Every line from the one containing "CUPRA Formentor 1.5 TSi DSG-Automat-image-12" to the end of the records below must be copied exactly, and no pictures may be included.

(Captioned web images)
● ● ● ●

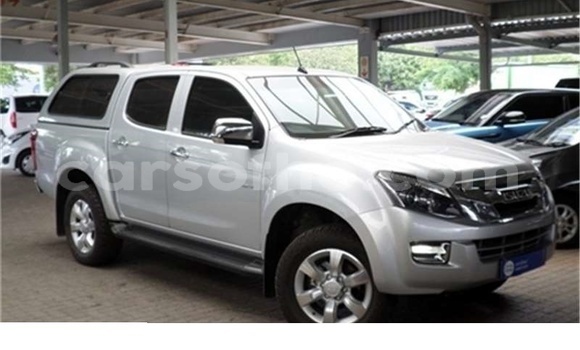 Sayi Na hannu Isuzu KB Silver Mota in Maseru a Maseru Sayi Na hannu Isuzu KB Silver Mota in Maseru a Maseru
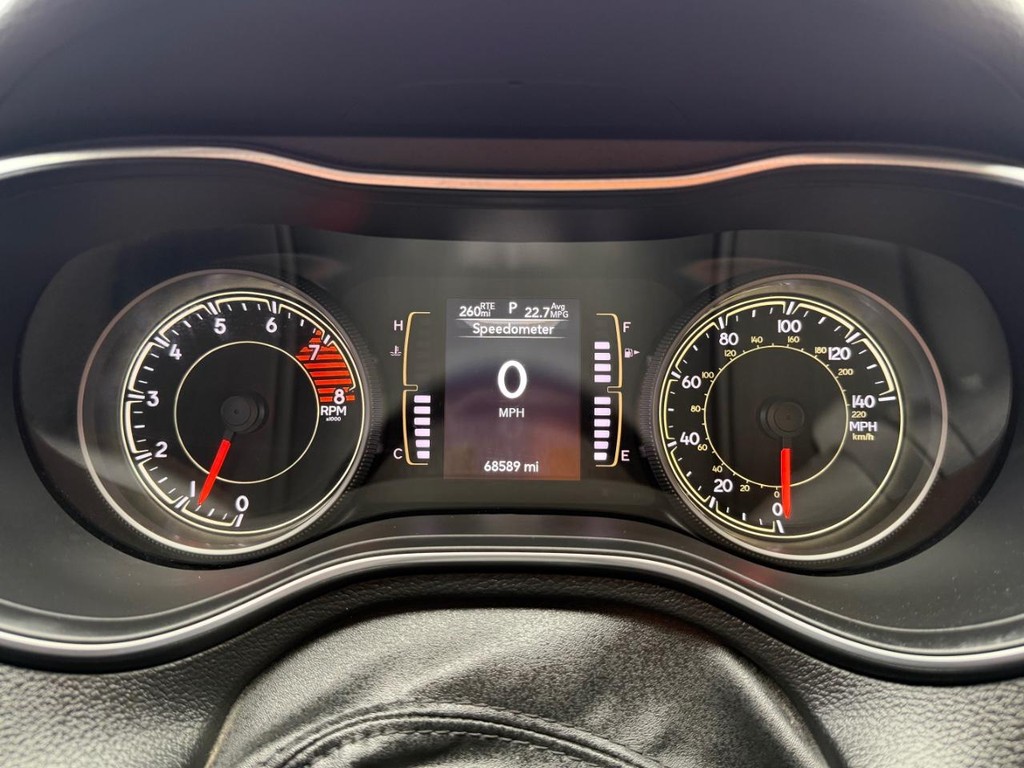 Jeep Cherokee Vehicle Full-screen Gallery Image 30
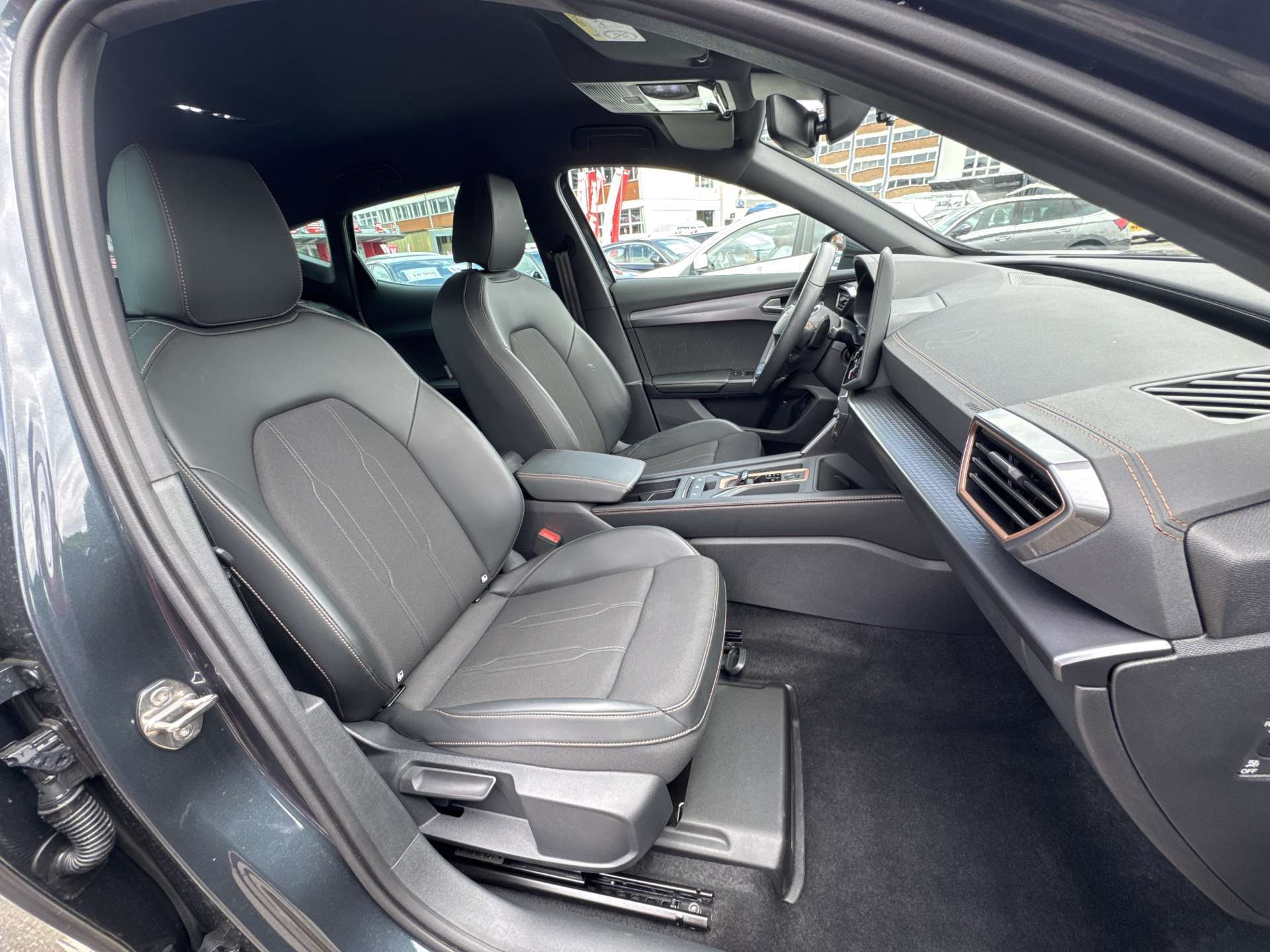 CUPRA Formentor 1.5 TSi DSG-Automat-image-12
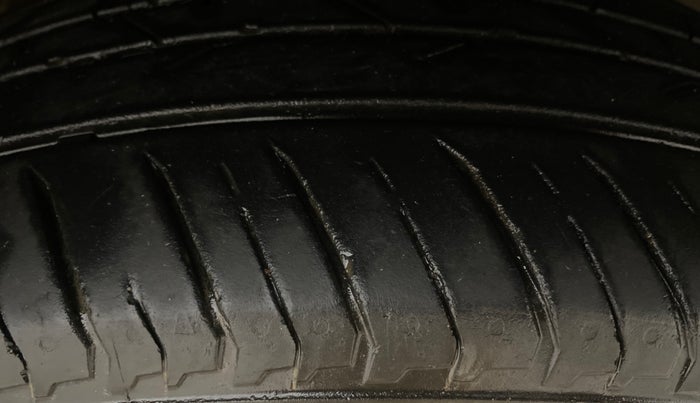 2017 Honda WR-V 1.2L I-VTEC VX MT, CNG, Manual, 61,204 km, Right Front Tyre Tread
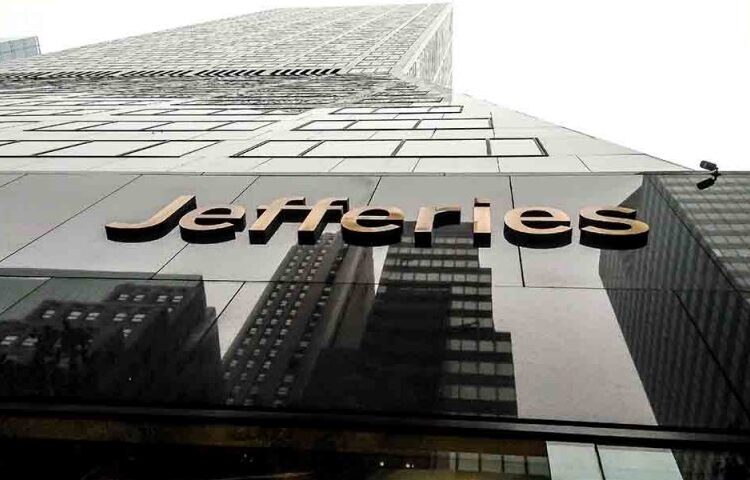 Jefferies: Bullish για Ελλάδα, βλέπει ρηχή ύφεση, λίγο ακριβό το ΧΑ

● ● ● ●

#### [ANSWER BOX]
 CUPRA Formentor 1.5 TSi DSG-Automat-image-12
 2017 Honda WR-V 1.2L I-VTEC VX MT, CNG, Manual, 61,204 km, Right Front Tyre Tread
 Jefferies: Bullish για Ελλάδα, βλέπει ρηχή ύφεση, λίγο ακριβό το ΧΑ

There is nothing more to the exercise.